_What is needed_
Only the pictures are dropped; the lines of the material that follow are returned exactly.

_Source material_
++++++++++
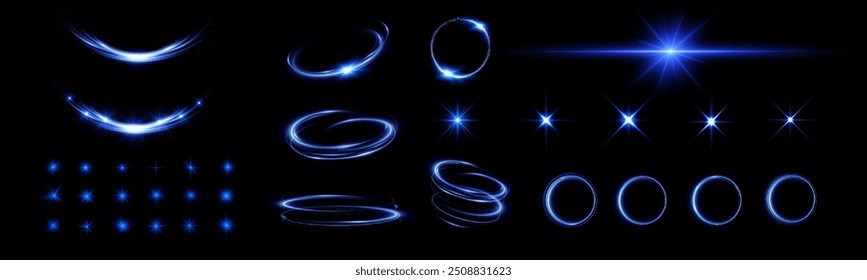 Blue lines of light. Flash Light. Horizontal lines of highlights. Blue swirls or flash.	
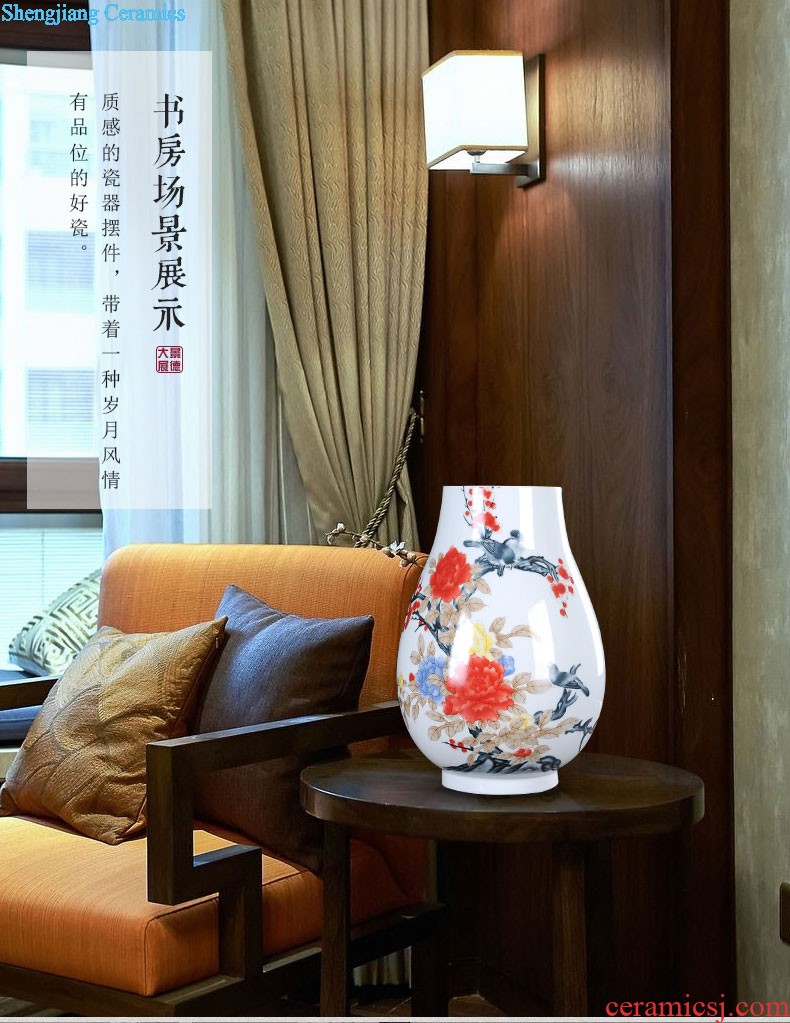 Jingdezhen ceramic vase furnishing articles imitation kiln crack decoration of Chinese style flower arrangement craft rich ancient frame wine sitting room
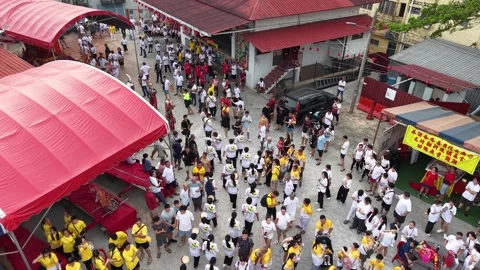 Aerial Yew Keng Deity Procession at Bukit Bakri Видео 345437093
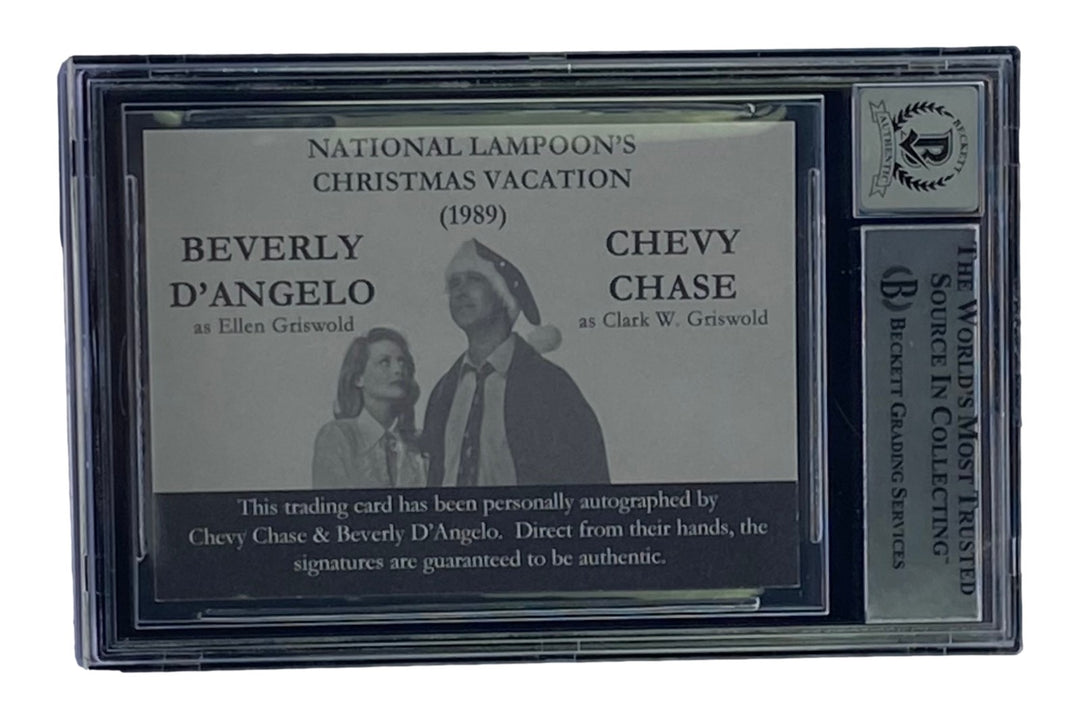 Chase & D'Angelo Signed National Lampoons Christmas Vacation Card BAS Grade 10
++++++++++
_Task solution_
 Blue lines of light. Flash Light. Horizontal lines of highlights. Blue swirls or flash.	
 Jingdezhen ceramic vase furnishing articles imitation kiln crack decoration of Chinese style flower arrangement craft rich ancient frame wine sitting room
 Aerial Yew Keng Deity Procession at Bukit Bakri Видео 345437093
 Chase & D'Angelo Signed National Lampoons Christmas Vacation Card BAS Grade 10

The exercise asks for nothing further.